"40 anos de políticas de educação e 5 desafios"

"Existe uma escola, meu caro Luís, quando existe um aluno e um professor"
Agostinho da Silva

1.Esta notícia/entrevista é importante… E é importante por várias razões. Desde logo porque abre o importante tema de "40 anos de políticas de educação em Portugal"; e o tema (pasme-se e sublinhe-se) vem à tona do dia num tempo político conturbado - e não será por acaso - através (também) de alguns dos seus importantes actores; e alguns com muitas e muitas (para o bem e para o mal) responsabilidades políticas acrescidas; por exemplo, a ex-ministra Maria de Lurdes Rodrigues que dá a cara nesta entrevista com frontalidade (e algum ressentimento à mistura), reconheça-se.

2.Acontece que não é com “parangonas” tipo - "estamos a mascarar o trabalho infantil com um ensino supostamente vocacional" - que se defendem perspectivas diferentes na política educativa. A minha ideia (errada por certo) é que quem faz afirmações deste tipo não sabe o que são cursos vocacionais (será possível?!) e nem vislumbra quais foram (e quais sejam) os contornos do flagelo do trabalho infantil.

3.Vamos ao que interessa. O que primeiro está em causa (antes de se definirem as linhas-guia/desafios ao sistema educativo), é saber que a adaptação das crianças ao meio escolar bem como o seu aproveitamento variam estatisticamente e em relação com o seu meio social de origem.

4.Porém, os dados sociológicos e demográficos clássicos que se apoiam em variáveis macrossociais, não conseguem explicar nem o sucesso escolar paradoxal dos alunos originários de meio “popular” nem o insucesso escolar paradoxal dos alunos originários de classes médias e elevadas.

5.Ainda assim... Os trabalhos empíricos mostram que a diferenciação escolar se revela muito cedo, e mostram, desde a escola primária, a destacada influência do nível sociocognitivo inicial dos alunos na sua adaptação escolar posterior.

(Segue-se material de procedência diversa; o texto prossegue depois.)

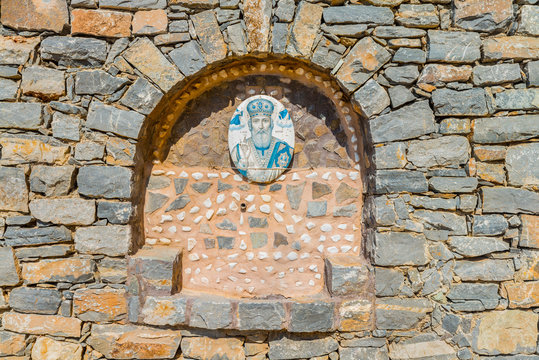 Beautiful stone wall of the orthodox church of Saint Nicholas the Wonderworker, built under the rock. District of Rethymno. Crete island. Greece. Europe.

Pondere-se que, desde a escola primária (conscientemente ou não), os professores insistem em actividades, competências e atitudes que muitos dos alunos ainda não tinham desenvolvido...; os professores utilizam termos como aprender, saber, conhecer imaginar que exprimem estados mentais epistémicos não observáveis (enquanto tais); e, apelando a pensar, a discorrer e a raciocinar sobre actividades e sobre situações descontextualizadas, exigem aos alunos que saibam dominar os seus pensamentos de forma reflexiva.

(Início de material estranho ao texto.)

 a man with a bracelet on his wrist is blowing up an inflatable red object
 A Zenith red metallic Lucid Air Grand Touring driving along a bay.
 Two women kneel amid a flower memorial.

6.Acresce que uma análise (nesses trabalhos empíricos) dos factores susceptíveis de contribuírem para a variabilidade do sucesso escolar, permite concluir que os alunos que têm sucesso escolar, independentemente da sua origem social, são aqueles que fazem prova de atitudes reflexivas sobre as intenções, as significações, os objectos e as actividades de aprendizagem: aqueles alunos que evocam o seu próprio funcionamento cognitivo, as suas maneiras de fazer, de pensar, de aprender… Assim, a compreensão dos estados mentais (os sentimentos, as intenções, as expectativas, os conhecimentos…) parece estar implicada nos processos de construção dos significados pertinentes das actividades e das situações de aprendizagem desencadeadas pelos professores… Ora, é claro que nem todos os alunos chegam à escola com os mesmos recursos em matéria de compreensão dos estados mentais dos outros (a propósito: terá já a ex-ministra ouvido falar na importância da educação da primeira infância, antes da entrada das crianças na escola primária?...; e que diria ela disto?...).

7.Para concluir.... Sim, há que valorizar todo o trabalho já realizado sobre as políticas educativas desenvolvidas nos últimos quarenta anos em Portugal, e há que não ter medo (no futuro próximo) de desenvolver, sem fundamentalismos, alternativas de currículos escolares... Mas também sim, há que pensar (relativamente ao futuro) que não há escolas sem alunos e sem professores. Então não parece que só das características dos alunos e da qualificação dos professores a ex-ministra se esqueceu? Só? Não, esqueceu-se ainda que a qualidade de hoje é a quantidade de amanhã... Tão só!